Building our a cappella Marian program was perhaps the most difficult repertoire planning I have ever done-- took several weeks last summer, with stacks of music sitting all over my piano and office, borrowed recordings, frequent visits to the Internet, frequent emails (cries for help) to my colleagues.
Planning a concert is rather like planning a major oratorio-- in this case, a major work with texts and themes determined by a very narrow focus. I was privy to an "Ave Maria concert" several years ago which ended up, despite its entirely unobjectionable repertoire, bothering both singers and audience; the more deeply I dove into my own project, the more I empathized with that conductor and his nearly impossible task. A series of beautiful motets, one after the other, just won't cut it. One needs to discover a structure-- a wave or a mountain or some such image of forward-moving energy, which has the power to get from here to there, without dissipating before accomplishing a full-length concert. This is always difficult with unaccompanied singing, which has so narrow and subtle a range of color and dynamics; and certainly a challenge when every single text deals with the rather limited list of Mary's attributes! I didn't want to settle on a chronological arrangement, nor on a national one-- I was more interested in mixing these particular elements, not randomly, but intuitively, much as I mix voices when placing them within a section-- not by formula, but by ear, finding the best combination of the materials at hand to build a unified section sound.
I ended up with a program built on five pillars-- five slightly varied iterations of the Ave Maria text, set in widely divergent styles (Josquin, Biebl, Bruckner, Poulenc, Rachmaninoff),for SATB, TTBB, and SSA voicings. I then worked in two chants-- a Magnificat for women's voices, Alma Redemptoris Mater for men's voices-- and two settings by scandinavian composers (Olsson and Kverno) of Ave Maris Stella.
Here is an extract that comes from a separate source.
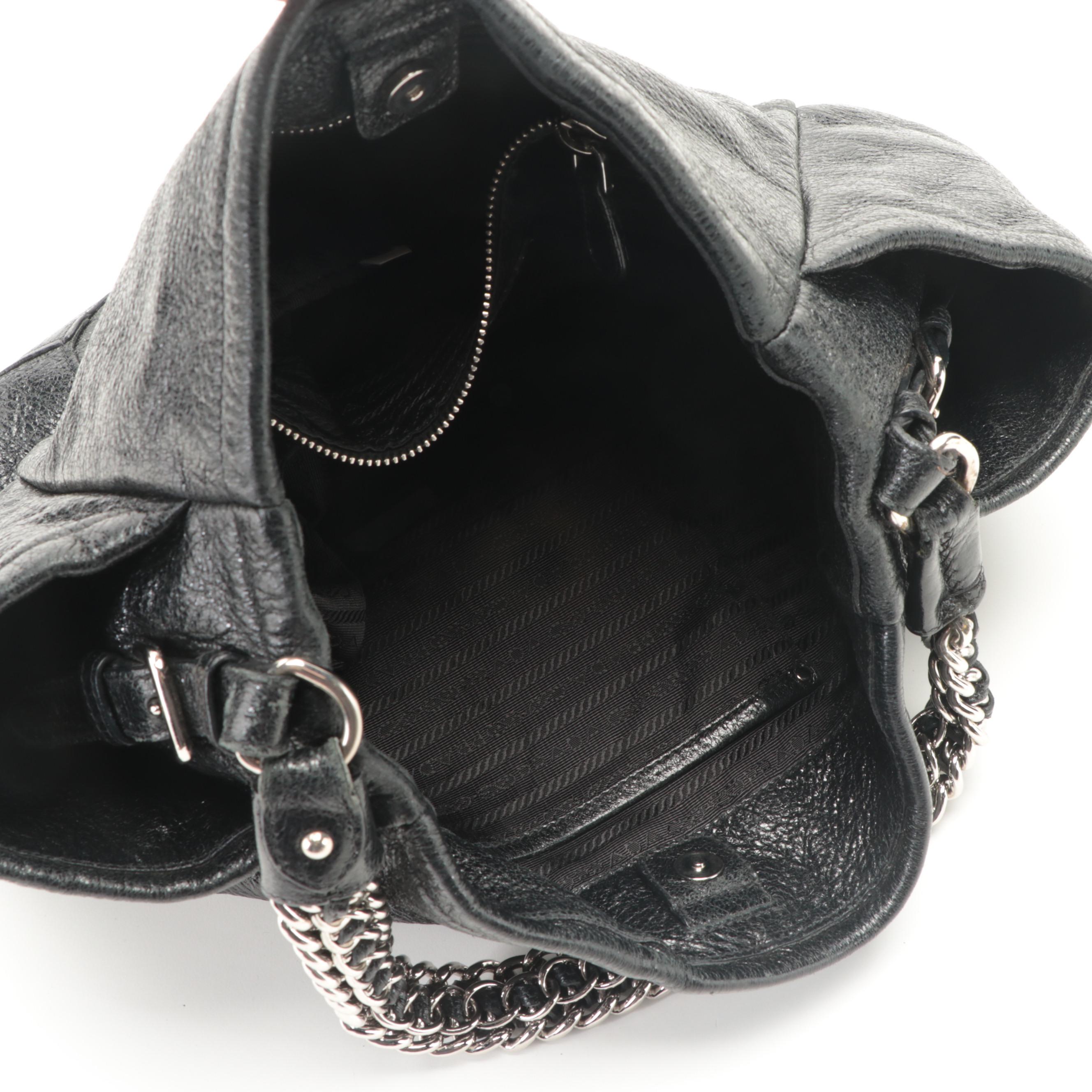 Prada Shoulder Bag in Patent and Grain Finish Leather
At this point I felt I needed something big, a resting place between numerous small pieces-- so I added the Gorecky Totus tuus. I chose the remaining motets and texts-- Britten, Byrd, Sandström, another Rachmaninoff-- to complement what I had.
And, with regret, I discarded just about as many pieces as I chose, each of them wonderful, because I could not justify adding them to what had come to be a unified work with a rhythm and inevitability all its own. A couple that I particularly liked and hated to lose-- Pärt Magnificat and Verdi Ave Maria-- will appear in their appropriate places at our December 6 Advent Vespers at the Monastery. A good reason to attend both events!